Años después de que acabara aquello, tiempos de Ovando, Torres y el septenio, Vick regresó a Bolivia. Prestó la consabida visita a su maestro de quechua (ya para entonces estábamos en la calle José Quintín Mendoza). No sé si ya habían matado al Che, si era el 67 o el 68, o hasta el 70, no me acuerdo. Vick contó que regresaba y se iba al Chapare a casa de un compadre, que allí estaban fabricando cocaína y que les iba de maravillas. Decía mucho más tarde mi padre, cuando se sentaba a tomar el té y contemplar la “casa grande” desde el ventanal de la pequeña, que Vick había sido uno de los pioneros del tráfico, que le había dado al negocio característica multinacional. Vino otra vez, siempre vestido de indio, bonachón y contento, cargado de juguetes norteamericanos y bombones para los seis hijos de su amigo. Luego desapareció. Hoy he decidido poner su nombre en google y buscarlo. Es un nombre común para un tipo que de común no tenía nada, que del Flower Power fue a la exploración y seguido al business, que trashumó entre el trópico, la coca-cocaína y casi seguro New York. Memorias fragmentadas, dispersas, de un hilo que hilvanamos muy tarde porque conocer, saber, siempre viene en las postrimerías, cuando lo pasado cuenta como estadística y poco se puede hacer.

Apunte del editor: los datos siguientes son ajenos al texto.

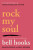 Rock My Soul - Bell Hooks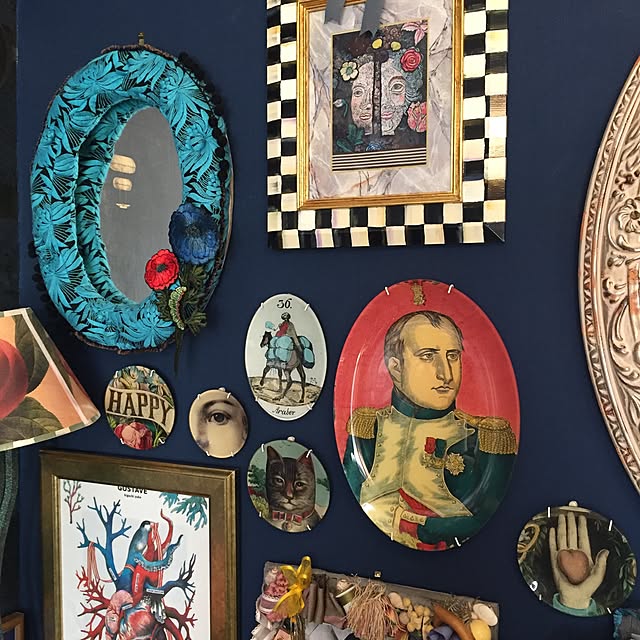 出産祝いなども豊富 Jes プレートハンガー クラフト用品 東急ハンズ 皿立て No 3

A raíz, estas palabras sueltas, de haber leído algo de míster Evo Morales, la DEA, la droga, y las mentiras suyas y de los gringos al respecto. Este, como dice Saviano, es el mayor negocio de la tierra y nada lo parará. Quizá otra droga, más letal y más barata, pero la cocaína permanecerá como elixir de élites, para uso de los jerarcas Trump y Morales y las cortes de empresarios, ricos y fascistas de cualquier laya. A qué hablar, malditos, mentir y despotricar sobre la nada. La coca es el oro del fin del mundo y seguirá brillando para beneplácito de imbéciles y usufructo de cabrones.
Y también leyendo alegatos de defensores del árbol en la ciudad que los odia: Cochabamba, que fue verde, arbolada, jardín y jungla y hoy representa lo mejor de la estulticia gubernamental y desnuda las taras bolivianas en cuanto a los árboles, la sombra que dan, las raíces que levantan casas y demás avatares del crecimiento y la muerte.
Desde arriba, de la silla presidencial, se decreta la ejecución de parques nacionales, reservas de la biosfera, acuíferos, reptiles, mamíferos, humanos, en aras de la diosa coca, puta sacralizada. Guillotina a todo lo que crezca y a llenarse los bolsillos.
Otro asno, Leyes, alcalde, tiene el mismo prurito destructor y similar vanidad. Es el máximo orgasmo para tales felones de retratarse en cada vértice de las ciudades. Ahora sale con el pretexto funesto por lo absurdo de que en Coña Coña se encontró una planta de marihuana. Esta, que ni del olor soy afecto, es pues mejor, señores míos, que todo el asqueroso concreto que quieren arrojar sobre la tierra. Bien simple. Carajo.